Activity › Forums › Storage & Archiving › what to get with 20K
-
Bruce Little
January 7, 2011 at 5:36 amHi Bob,
Thanks for all the great info, nice list of clients too!and Yes! the price is appealing for 16TB, because i’m sure 8TB will not be sufficient… but I also need to consider that there are a couple of AVID’s and a couple of FCP systems that will need to be on this system.
-
Eric Cox
January 8, 2011 at 6:46 amDon’t do RAID 5 on multi-terabyte volumes. Even if the array has hot spares available this is asking for issues. The problem being that the potential for a misread while rebuilding from parity is now so great that rebuilds can fail. The read error rate has remained constant, but we have scaled disk sizes up dramatically from the days of raid 5’s inception.

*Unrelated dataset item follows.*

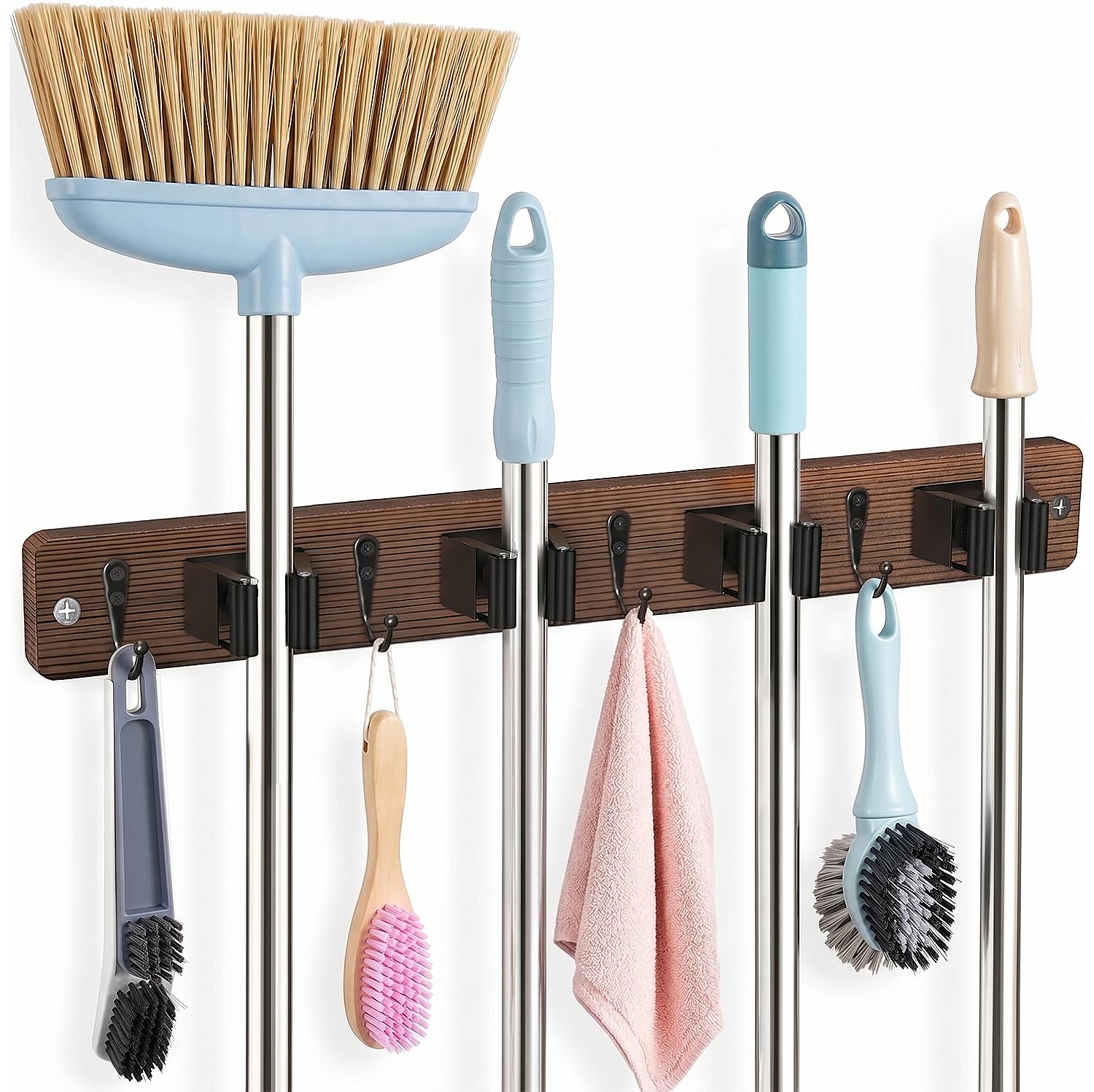 Broom Holder Wall Mount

At this stage nearly everyone has a RAID 6 implementation or something similar based on some proprietary protocol. Sure, you lose another disk worth of space to parity, but the storage is still superior to RAID 10. Even in degraded mode when data is being rebuilt on the fly is not nearly the hit it was due to the additional parity stripe.
-
Steve Modica
January 8, 2011 at 6:57 pm[Eric Cox] “Don’t do RAID 5 on multi-terabyte volumes. Even if the array has hot spares available this is asking for issues. The problem being that the potential for a misread while rebuilding from parity is now so great that rebuilds can fail. The read error rate has remained constant, but we have scaled disk sizes up dramatically from the days of raid 5’s inception.”
The choice depends on the drives you use. Typical SATA drives (even ES drives) have an error rate of 1 in 10^14. SAS drives are lower density and offer 10^16. The SATA drives we use now are 10^15 blocks. That works out to about 1 read error in 120TB. I draw the line at around 10 drives to go to RAID6.
Steve Modica
CTO, Small Tree Communications -
Steve Modica
January 8, 2011 at 7:38 pm[Bruce Little] “How about RAID 50?”
Any of the 0 stripe setups are problematic.
With two RAID5s, if either has a problem, you are performance limited. So you double your chances for problems. (or at least performance limited periods)Secondly, the striping drivers that are out there all suck. They give each stripe 256k or 512k and that’s very little relative to what the raids really want. They do best with larger IOs. In Small Tree’s testing, any striping makes lantency much worse.
Steve
Steve Modica
CTO, Small Tree Communications -
Eric Cox
January 8, 2011 at 8:53 pmLatency is going to suffer with larger stripe sizes. The is simply because the head has to read the full stripe before moving onto the next batch of sectors. Large stripes are typically used where you need increased throughput on large linear reads.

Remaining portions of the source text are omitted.